Now that Adele is putting the screws to the human race with her music piped in all over the world, even driving the great Karl Lagerfeld up the wall (the merciless fashion giant didn't think twice about calling her a fatty), what's missing in that whole curious soul-pop revival that has taken the western world like some kind of strain of the flu is a greater masculine presence. Maybe that's why Michael Kiwanuka has been hyped to such an extent, even though he only had three EPs out on Communion Records before signing with Polydor. The promptness with which the show biz world adopted the singer shouldn't come as a surprise. Opening for Adele landed the British soul man a considerable, possibly not-entirely-justified upgrade. Of course, getting the prestigious BBC Sound 2012 award for best newcomer also helped his star to rise. And don't be fooled by his name, either. Behind the Mazinger Z name stands a black man with a London accent and a voice that sounds more like Sam Cooke than like Professor Juzo Kabuto.

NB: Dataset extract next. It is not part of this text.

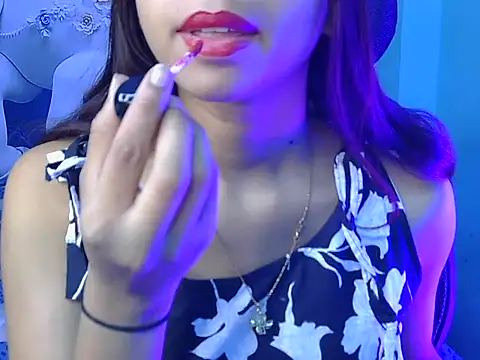 Snapshot of soniya-verma chatting on April 15, 2026, 4:40 am soniya-verma online show from April 15, 2026, 4:40 am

Anchored in the contemplative soul of yesteryear, Kiwanuka isn't trying to mislead anyone. Even on the attractive record sleeve (if they had shown it to me saying it was an album from 1971, I would have believed it) it's obvious this man is retro all the way. And nobody will stop him, either. He has the quality for it. Apart from the vintage image, he's blessed with a classic vocal register made in the same place people like Otis Redding and Bill Withers come from. The north London singer and guitarist moves exclusively in the twilight registers, drenching his repertoire in a soothing brew of the kind of soul and folk from the sixties and seventies where Afro hairdos, velvet guitars and sensitive throats were king.
He does it with astonishing calm, almost sleepily. It's all a bit too slow and sweet, if you ask me. Lots of acoustic guitars and spiritual melodies ( “I’m Getting Ready” and “Home Again” are soothing for the soul), as well as silky mid-tempos from the Redding school ( “I’ll Get Along”). All the vital elements of romantic soul are on this record, from melancholic pieces seemingly recorded on a hot summer afternoon ( “Worry Walks Beside Me” and “Rest” are perfect for endearing you to your partner) to funkier pieces like the delicious album opener “Tell Me A Tale”. And among all of the predictable nods to the past you can even find some hidden gems that give Kiwanuka a serious chance to survive the hype. The intoxicating doo wop, the irresistible drum brushes and the crooner inflections of the brilliant “Bones” show this singer needs more balls and fewer ballads. We'll wait here sittin' on the dock of the bay.